The first two hours of the day, I would drink a gallon of distilled water, stretch to binaural beats, and sing lullabies or a mantra over and over again to distract myself from dark thoughts. I would then do the five Tibetan rites.
In order to have a bowel movement, I had to massage my colon with a lacrosse ball as taught in the Tao, and drink two laxative teas the night prior. Any interruption in this 2+ hour dance, and I would not poop, and the physical matter that represented the previous day’s energy, would stagnate in my body and my clenched and fearful gut would prevent it from being released.
When this happened, neither enemas nor colonics could come to my rescue. It was a guaranteed day of torment. I cannot speak of the symptoms that came when the previous day’s energy remained inside of me, for I would lose many readers too early in this story. But I will tell you that on this day in particular, I was not able to poop, for I truly had too much on my mind.
During the night, I met my father and sister for sushi at our favorite spot in the area. Normally, I would have cancelled because of how awful I felt, but I had to be there. I ordered the usual; two Tuna rolls and a seaweed salad. I always made sure to use the low-salt soy sauce.
I sat there as we conversed about their work days, a new watch, the food, and things that normal people talk about. The world’s pain was inside of me, and I was holding in tears every second. I truly didn’t know if this would be the last time that I ever saw them. My father politely begged me to go on anti-depressants, for he knew the severity of the situation and desperately wanted his son back. I hugged them goodbye and then broke down in my basement as I had done hundreds of times before.
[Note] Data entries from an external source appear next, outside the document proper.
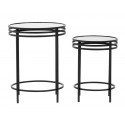 Set de 2 tables basses rondes style art déco métal noir miroir Nordal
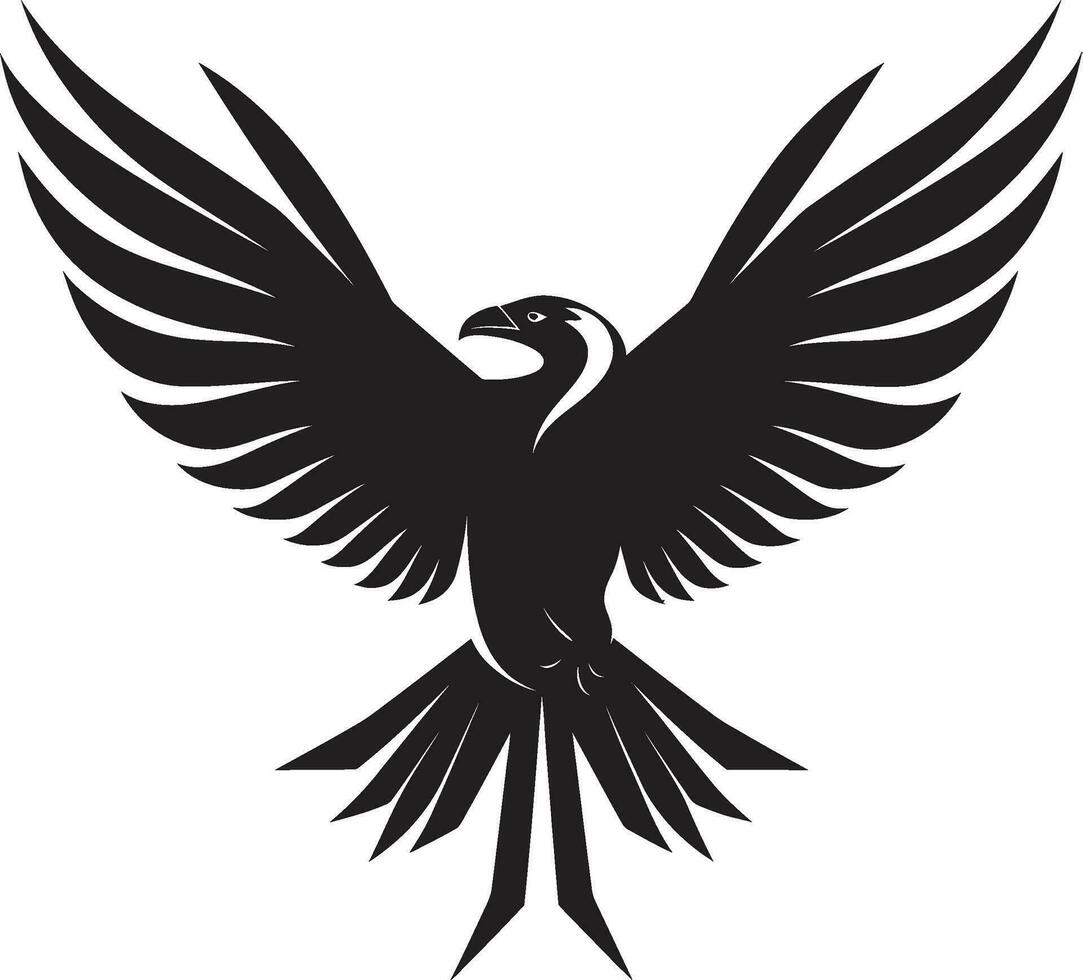 Monochromatic Predator Crest Elegant Vulture Profile vector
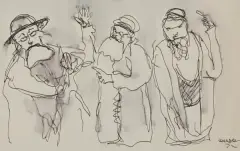 Otto Axer, GRUPA ŻYDÓW, LATA 70. XX W., tusz pióro, lawowanie, papier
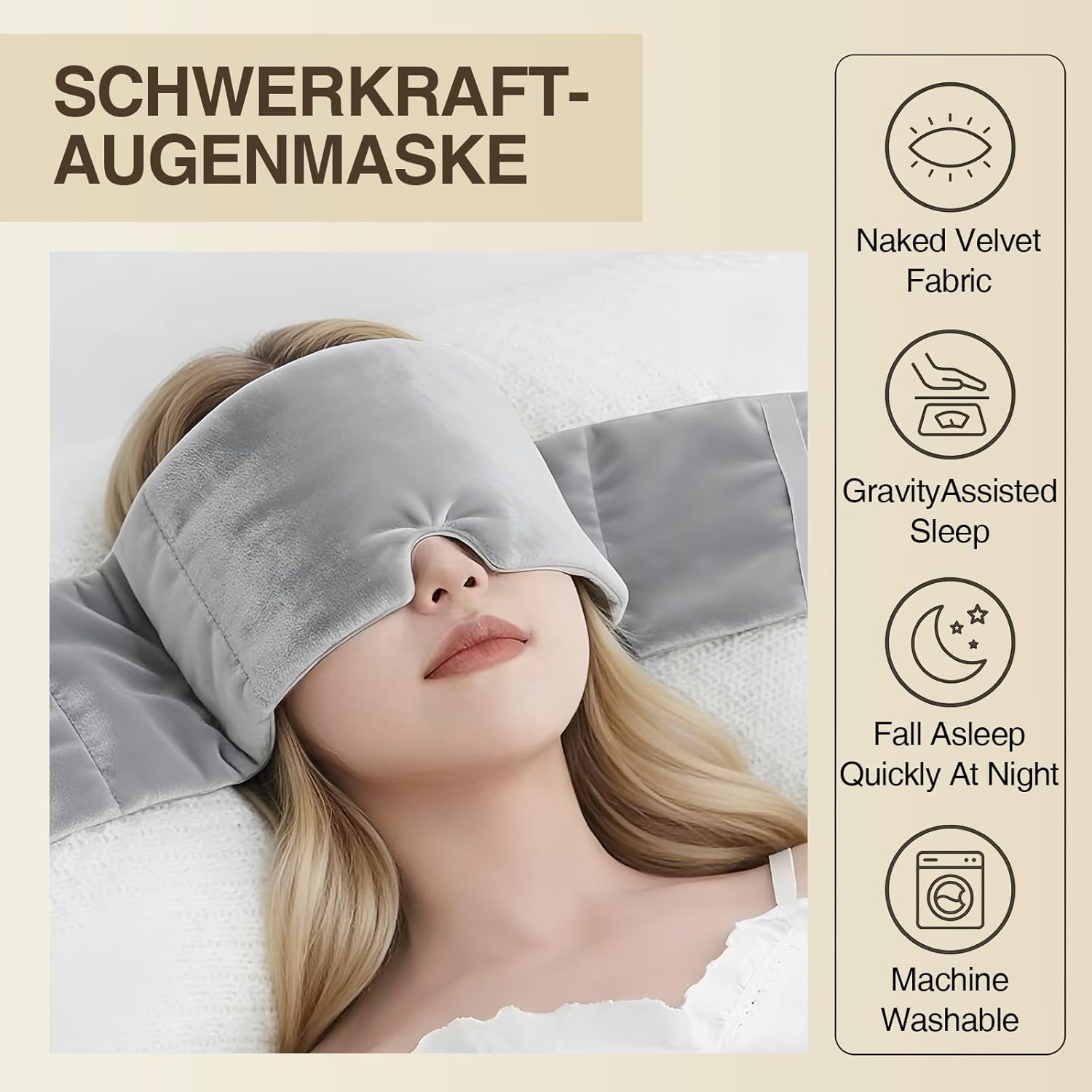 Gewichtete Schlafmaske, Gewichtete Augenmaske Blackout für Tiefenentspannung mit Ohrstöpseln und Aufbewahrungsbeutel, Reise Schlafmaske für Nachtruhe, Gegen Angst Schlaflosigkeit, Grau – Bild 4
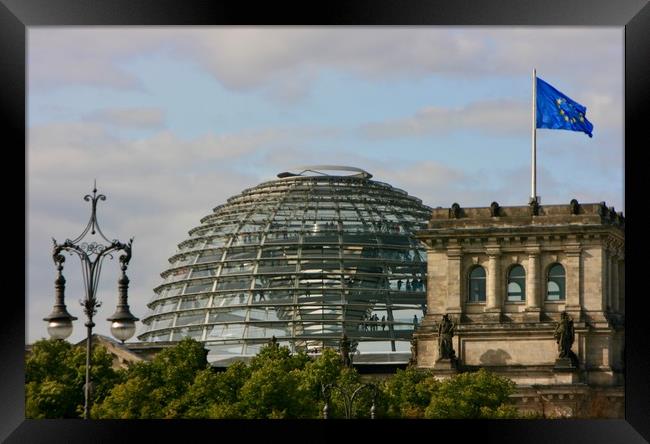 German Reichstag building and Dome in Berlin Framed Print by Nathalie Hales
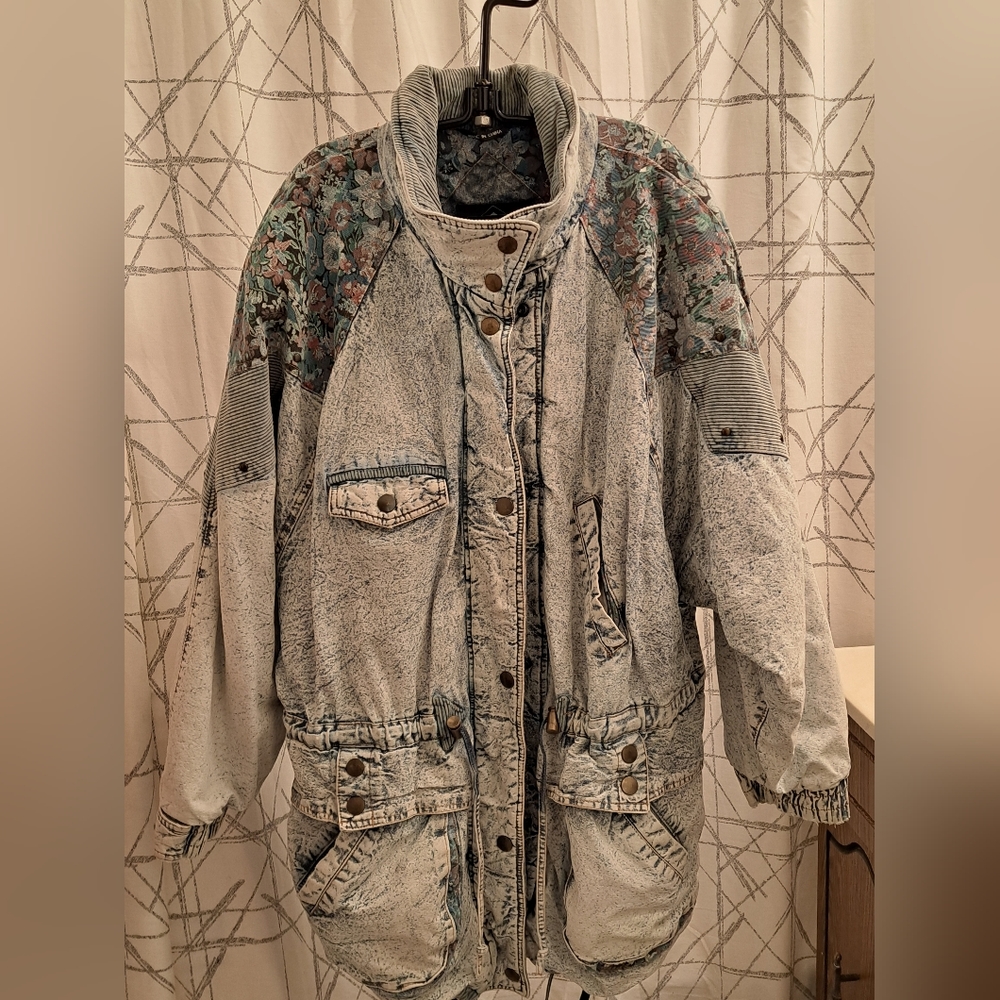 80s acid wash bombers jacket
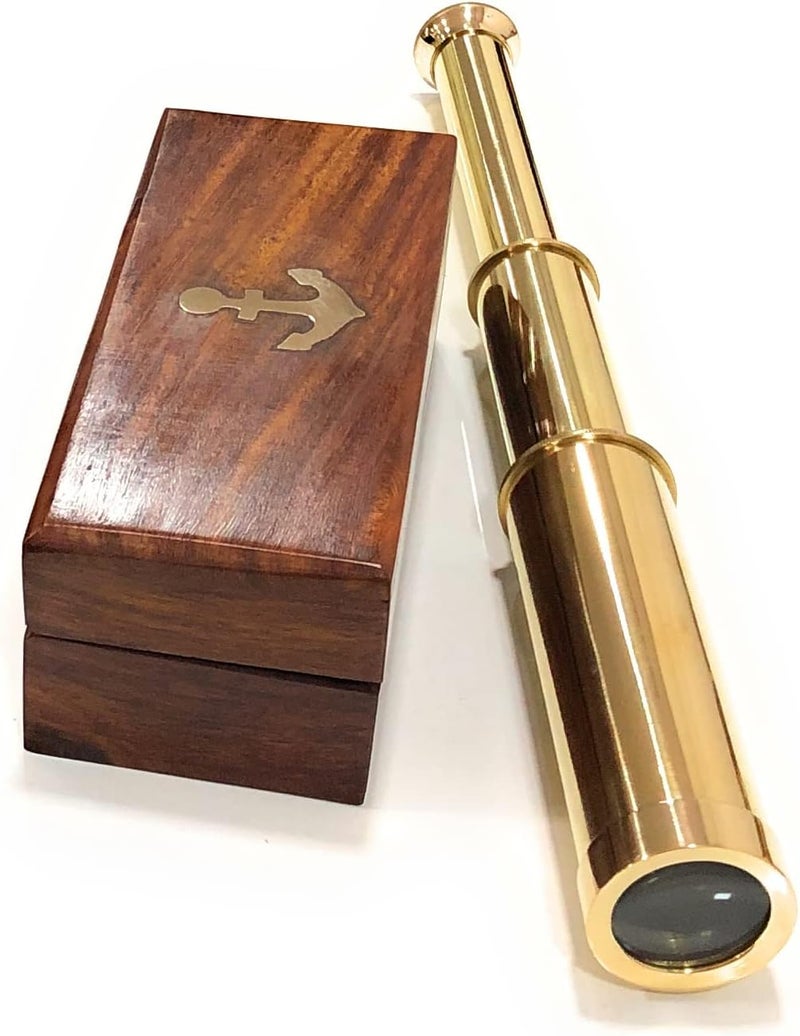 RedSkyTrader Brass 9" Handheld Brass Telescope Nautical Pirate Spy Glass with Box Rustic Vintage Home Decor Gifts - Image 1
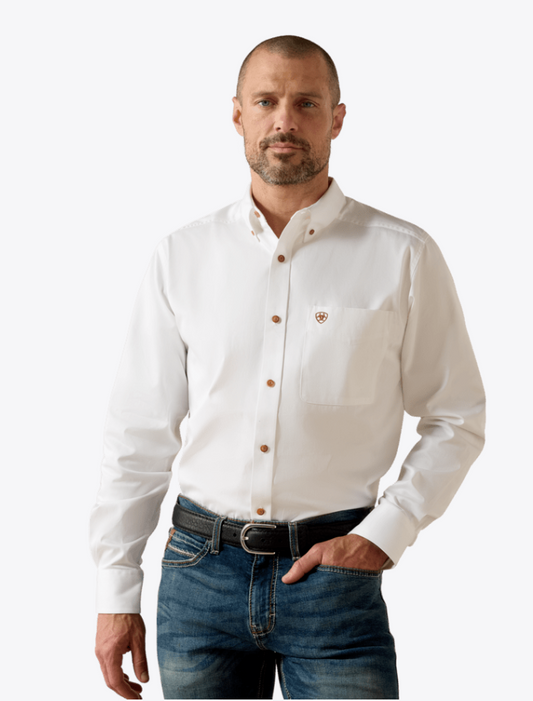 Ariat® Men's Solid Twill Fitted Shirt-White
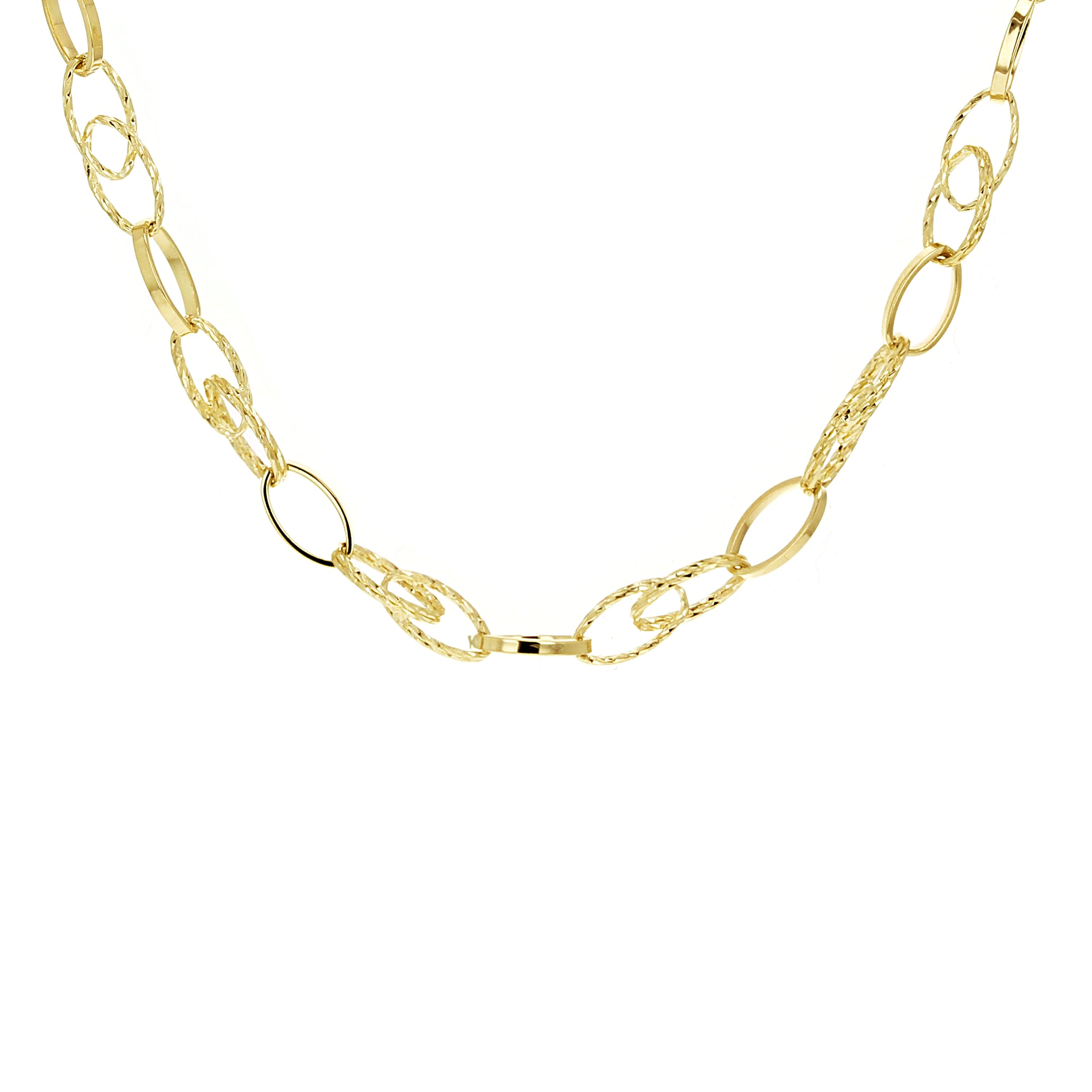 Italian 14k Yellow Gold Plain & Diamond Cut Oval Link Necklace 18" 10.4 grams - 18" 10.4 grams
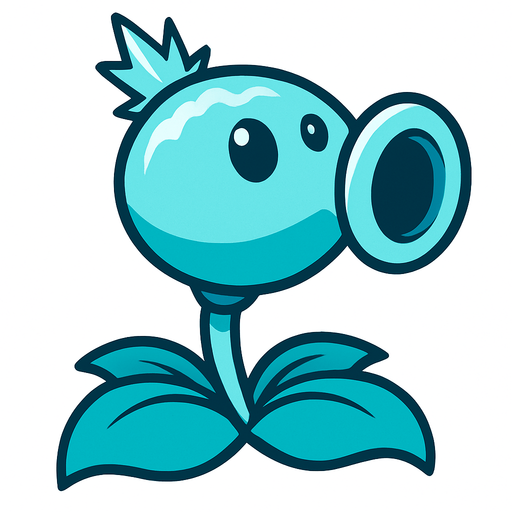ıcepeasshooter plants vs zombies.
In-Game asset.  2d.  High contrast.  No shadows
This despair felt different. It was the deepest depths of despair that the human spirit is capable of entering. I thought about not leaving over and over. I couldn’t bear the thought that if I didn’t make it, my father would have lost his dad and his son in an eight month window.
I had to go. I couldn’t stand my life anymore; I was at my wits end. A human being can only withstand so much torture. I already paid for the non-refundable trip and burned the boats. Only God could stop me now.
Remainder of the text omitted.